VOTUM: „Schlichter brauchen fachlichen Branchen-Hintergrund“

Der VOTUM Verband hat eine Schlichtungsstelle ins Leben gerufen, die berufsgruppenübergreifend agieren soll. Im Interview mit AssCompact sieht der geschäftsführende Vorstand Martin Klein darin einen Beleg dafür, dass die Branche weiterer Regulierungsmaßnahmen nicht bedarf.

Herr Klein, der VOTUM Verband ist Träger der erst kürzlich aktiv gewordenen „Schlichtungsstelle für gewerbliche Versicherungs-, Anlage- und Kreditvermittlung“. Was ist Sinn und Zweck der Stelle?

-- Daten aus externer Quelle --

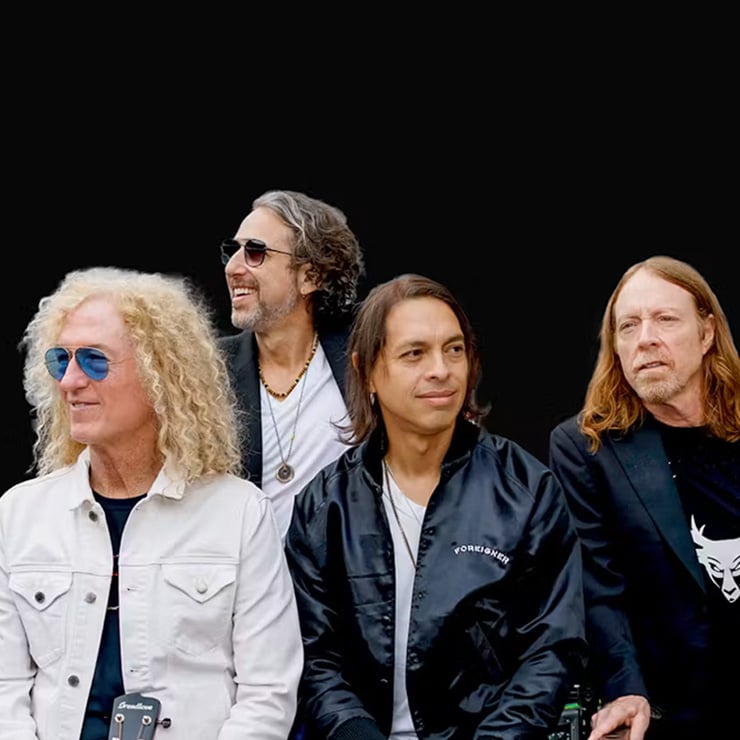 Foreigner tickets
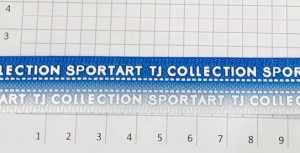 Тесьма 20 мм Синий градиент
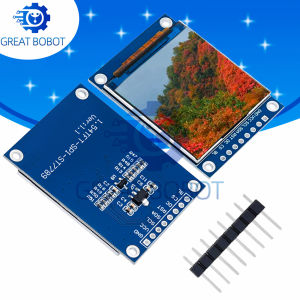 1-2 Chiếc 1.54 Inch Full-Color TFT IPS LCD Module 240X240 HD ST7789 Trình Điều Khiển Giao Diện SPI Cho Arduino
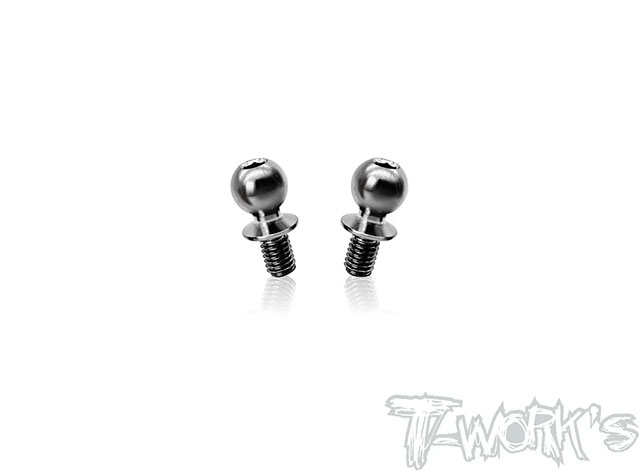 TP-Xray-5404 64チタン製5.4x4mmボールエンド【 Xray XB2 2025/2pcs】 TP-Xray-5404 64チタン製5.4x4mmボールエンド【 Xray XB2 2025/2pcs】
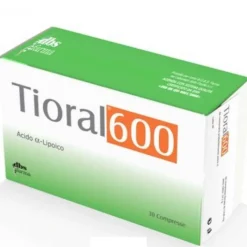 Tioral 600 30 Compresse - Integratore Alimentare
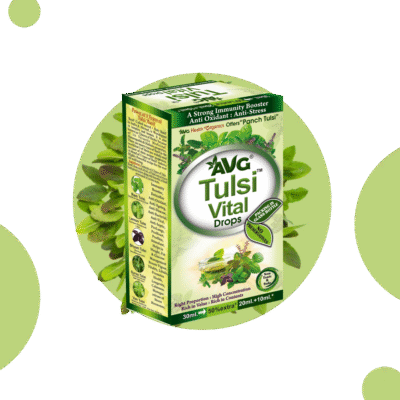 AVG Tulsi Vital Drops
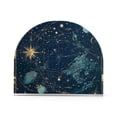 thumbnail image 1 of Yayeee Napkin Holder for Table Set of 2 Kitchen Paper Tissue Organization, Dark Star Map, 1 of 8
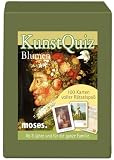 Moses Verlag 386 - Kunst Quiz Blumen - Birgit Poppe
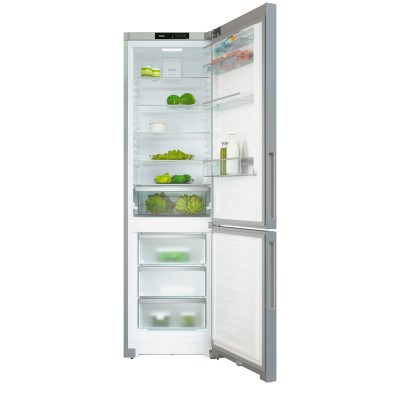 Miele kfn 4395 dd wolnostojąca lodówka kombinowana 60 cm wysokość 201 cm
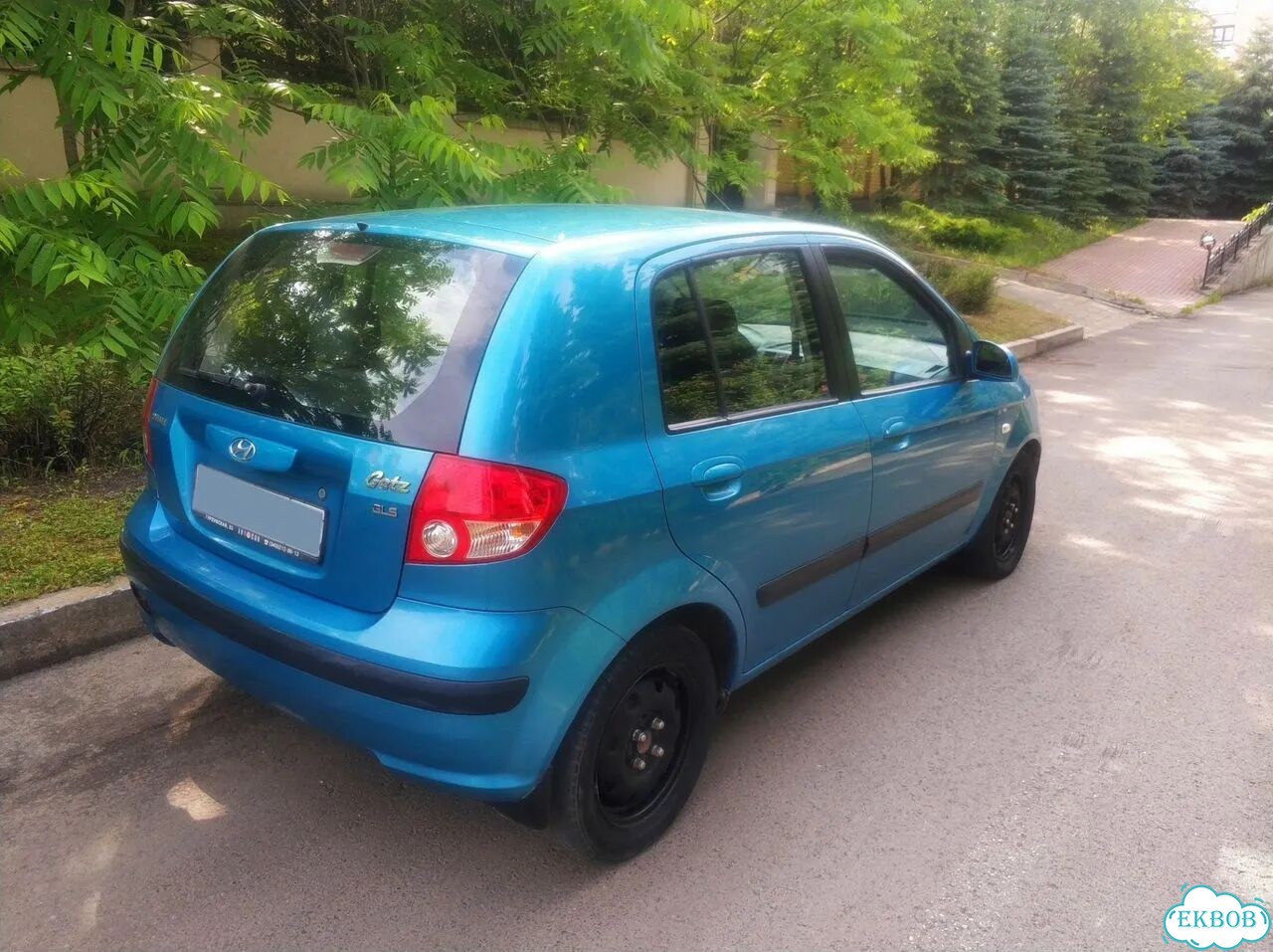 Hyundai Getz 1.3 MT, 2005, 165 000 км фото 2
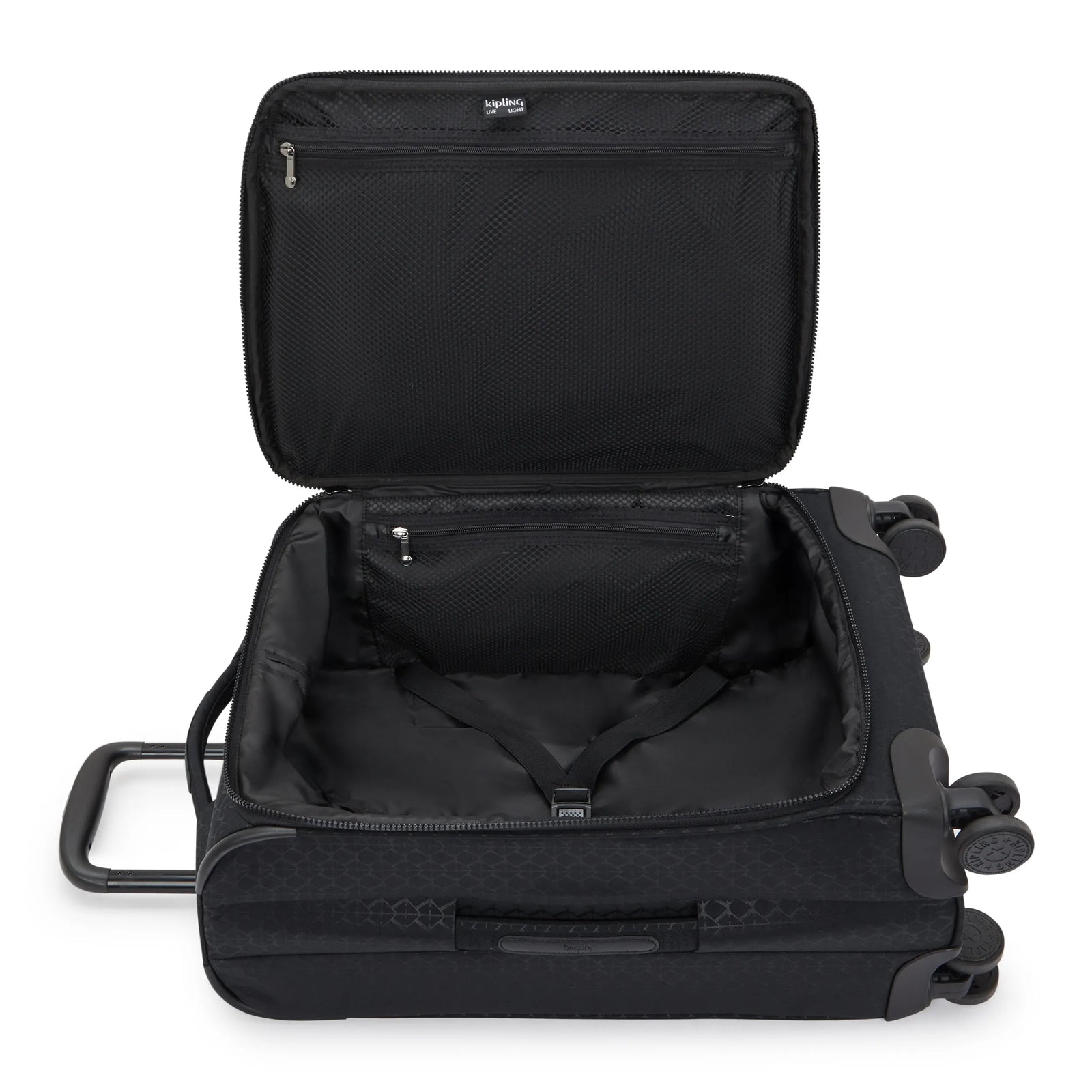 Maleta Mujer Kipling Cabina New Youri Spin S Negro | Cuotas sin interés Maleta Mujer Kipling Cabina New Youri Spin S Negro | Cuotas sin interés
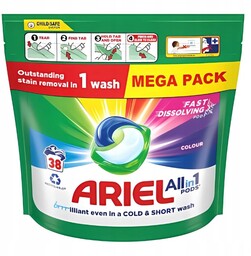 Ariel All in1 Pods COLOUR Kapsułki do Prania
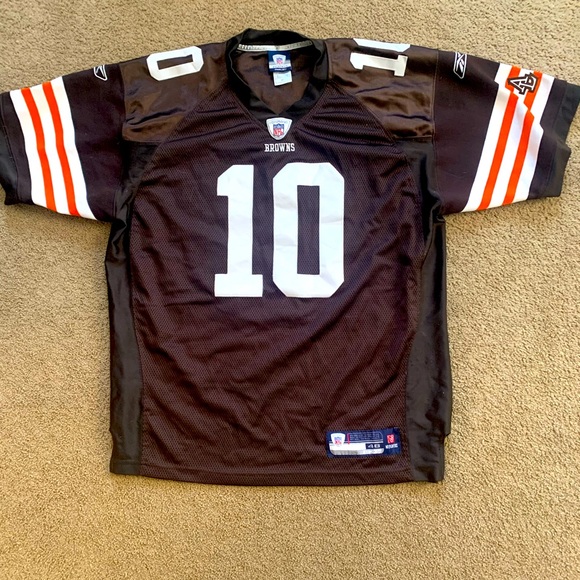 Brady Quinn NFL jersey, Cleveland Browns - Picture 1 of 4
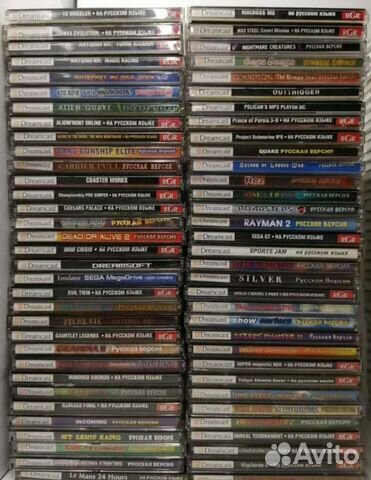 Игры на Sega Dreamcast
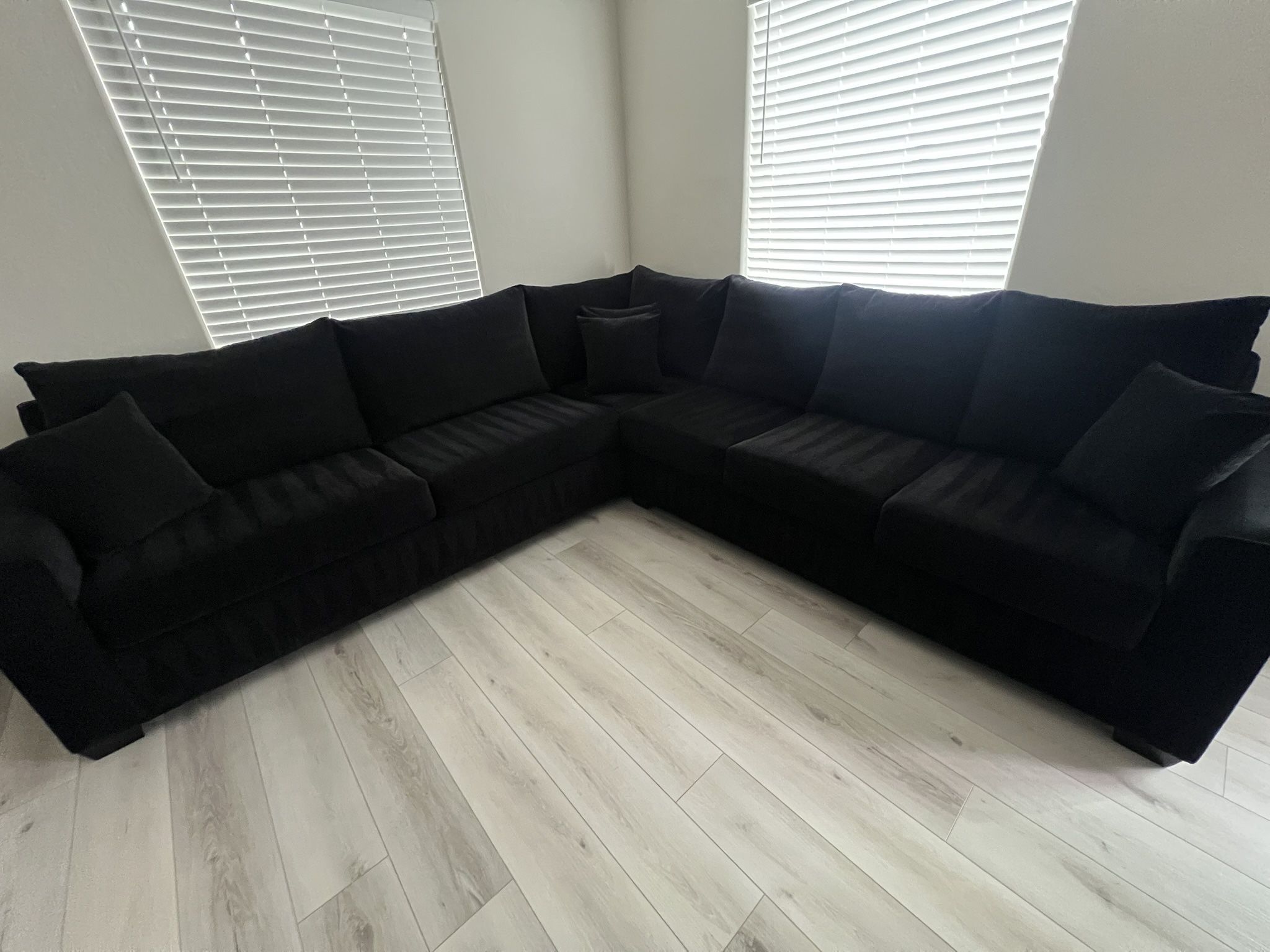 Custom Sectional Couch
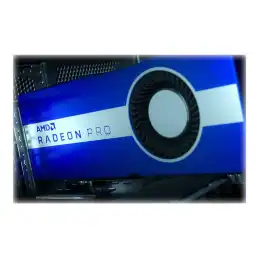 AMD Radeon Pro W5700 - Carte graphique - Radeon Pro W5700 - 8 Go GDDR6 - PCIe 4.0 x16 - USB-C, 5 x Mini ... (100-506085)_3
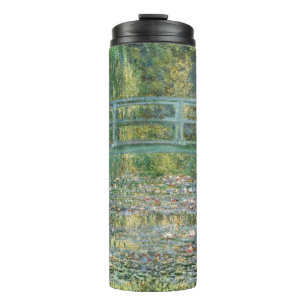 Bouteilles Isothermes Claude Monet Pont Japonais Nymphéa Art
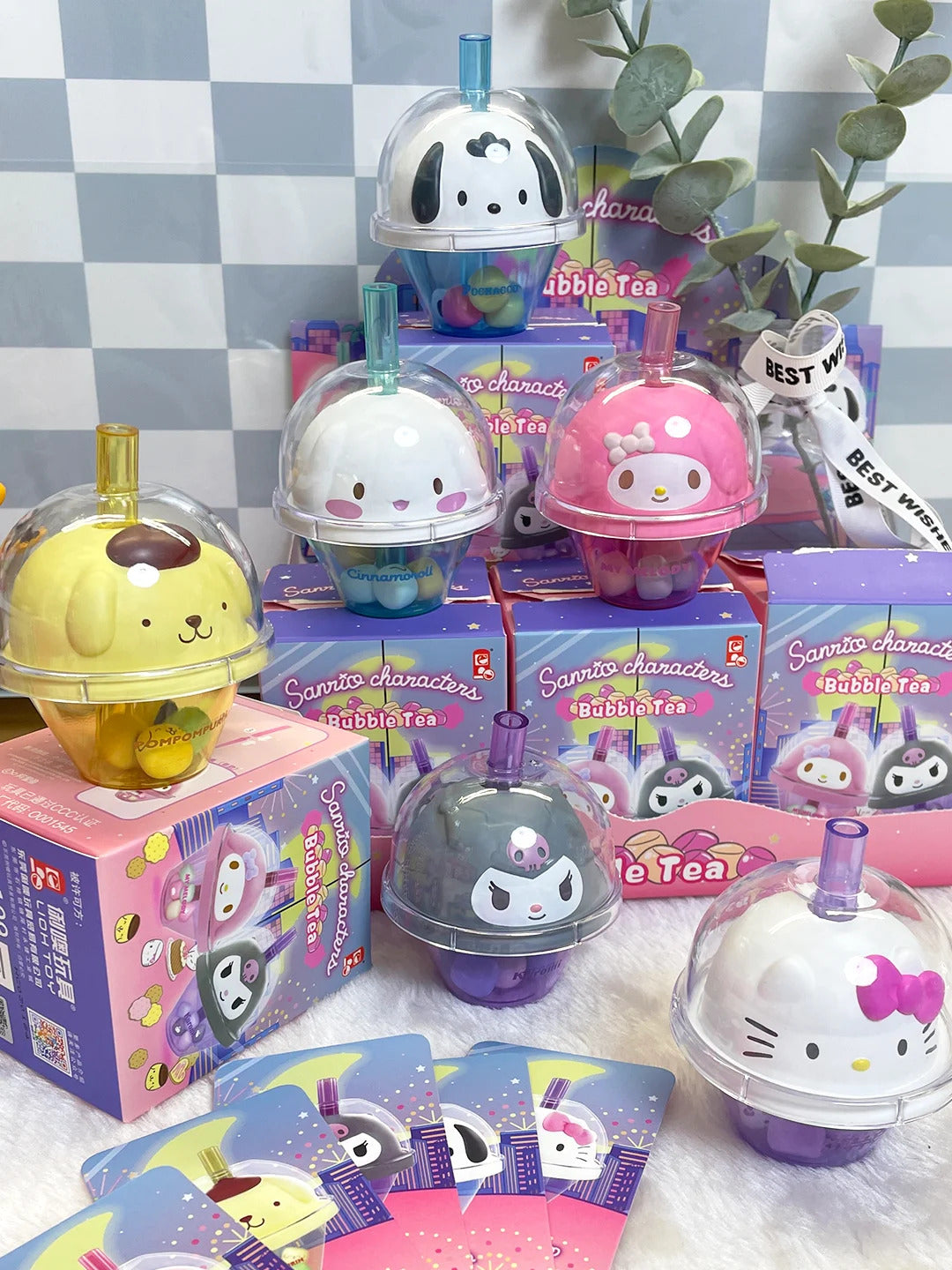 Sanrio Bubble Tea blind box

Die von uns vertretene Berufsgruppe der Versicherungsvermittler, Anlagevermittler, Immobilliardarlehensvermittler und der Immobilienmakler ist gesetzlich zu einer eindeutigen Aussage verpflichtet, ob sie sich an einer außergerichtlichen Streitschlichtung beteiligen würden, wenn eine Kundenbeschwerde nicht im direkten Kontakt gelöst werden kann. Und wenn sie dazu bereit sind, müssen sie diese Schlichtungsstelle auch benennen. Diese Verpflichtungen sind vom Gesetzgeber zwar nicht gerade verständlich formuliert worden, sie sind aber letztlich eindeutig und müssen deshalb dringend umgesetzt werden. Bisher sind für die einzelnen Berufsgruppen allerdings unterschiedliche zuständige staatliche Schlichtungsstellen vorgesehen. Dies führt aus Sicht der Vermittler, aber auch ihrer Kunden, zu einer verwirrenden und abschreckenden Vielfalt. Unsere Schlichtungsstelle soll hier für die gesamte Dienstleistungsbandbreite im Bereich der §§ 34c bis 34i GewO eine einheitliche Ombudsstelle bieten, die die Vermittler als professionellen und seriösen Ansprechpartner für etwaige Streitfälle benennen können.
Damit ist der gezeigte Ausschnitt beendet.